*Work instructions*
In the records below, find the line containing "CARTIER カルティエ タンク 18KYG ヘキサゴンケース 1970年代" and restate it and all lines after it exactly, through the last line.

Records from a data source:
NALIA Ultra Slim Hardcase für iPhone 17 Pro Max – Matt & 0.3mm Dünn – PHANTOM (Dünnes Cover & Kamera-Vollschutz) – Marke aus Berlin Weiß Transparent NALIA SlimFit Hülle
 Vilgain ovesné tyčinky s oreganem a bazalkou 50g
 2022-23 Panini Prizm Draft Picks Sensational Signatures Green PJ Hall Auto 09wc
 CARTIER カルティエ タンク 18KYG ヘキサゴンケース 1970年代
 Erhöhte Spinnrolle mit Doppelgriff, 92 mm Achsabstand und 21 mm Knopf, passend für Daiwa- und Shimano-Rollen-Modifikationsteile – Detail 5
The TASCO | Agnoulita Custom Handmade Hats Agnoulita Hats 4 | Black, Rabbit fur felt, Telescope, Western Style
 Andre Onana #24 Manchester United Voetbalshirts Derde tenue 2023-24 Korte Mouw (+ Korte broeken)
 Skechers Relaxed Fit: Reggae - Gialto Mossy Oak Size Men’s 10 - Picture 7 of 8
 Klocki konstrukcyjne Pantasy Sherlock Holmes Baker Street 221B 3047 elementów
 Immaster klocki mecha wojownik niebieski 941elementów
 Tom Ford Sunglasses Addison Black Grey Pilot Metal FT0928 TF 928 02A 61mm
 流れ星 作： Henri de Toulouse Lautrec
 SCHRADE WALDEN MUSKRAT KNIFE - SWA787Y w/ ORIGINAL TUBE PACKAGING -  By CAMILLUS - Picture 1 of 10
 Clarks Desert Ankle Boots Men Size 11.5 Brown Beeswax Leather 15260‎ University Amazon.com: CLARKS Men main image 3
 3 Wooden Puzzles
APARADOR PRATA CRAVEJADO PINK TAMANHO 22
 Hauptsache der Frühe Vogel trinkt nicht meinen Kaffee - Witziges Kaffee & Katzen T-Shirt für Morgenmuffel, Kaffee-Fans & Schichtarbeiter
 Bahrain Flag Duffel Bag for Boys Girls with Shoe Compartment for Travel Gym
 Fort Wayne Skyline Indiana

*Response box*
 CARTIER カルティエ タンク 18KYG ヘキサゴンケース 1970年代
 Erhöhte Spinnrolle mit Doppelgriff, 92 mm Achsabstand und 21 mm Knopf, passend für Daiwa- und Shimano-Rollen-Modifikationsteile – Detail 5
The TASCO | Agnoulita Custom Handmade Hats Agnoulita Hats 4 | Black, Rabbit fur felt, Telescope, Western Style
 Andre Onana #24 Manchester United Voetbalshirts Derde tenue 2023-24 Korte Mouw (+ Korte broeken)
 Skechers Relaxed Fit: Reggae - Gialto Mossy Oak Size Men’s 10 - Picture 7 of 8
 Klocki konstrukcyjne Pantasy Sherlock Holmes Baker Street 221B 3047 elementów
 Immaster klocki mecha wojownik niebieski 941elementów
 Tom Ford Sunglasses Addison Black Grey Pilot Metal FT0928 TF 928 02A 61mm
 流れ星 作： Henri de Toulouse Lautrec
 SCHRADE WALDEN MUSKRAT KNIFE - SWA787Y w/ ORIGINAL TUBE PACKAGING -  By CAMILLUS - Picture 1 of 10
 Clarks Desert Ankle Boots Men Size 11.5 Brown Beeswax Leather 15260‎ University Amazon.com: CLARKS Men main image 3
 3 Wooden Puzzles
APARADOR PRATA CRAVEJADO PINK TAMANHO 22
 Hauptsache der Frühe Vogel trinkt nicht meinen Kaffee - Witziges Kaffee & Katzen T-Shirt für Morgenmuffel, Kaffee-Fans & Schichtarbeiter
 Bahrain Flag Duffel Bag for Boys Girls with Shoe Compartment for Travel Gym
 Fort Wayne Skyline Indiana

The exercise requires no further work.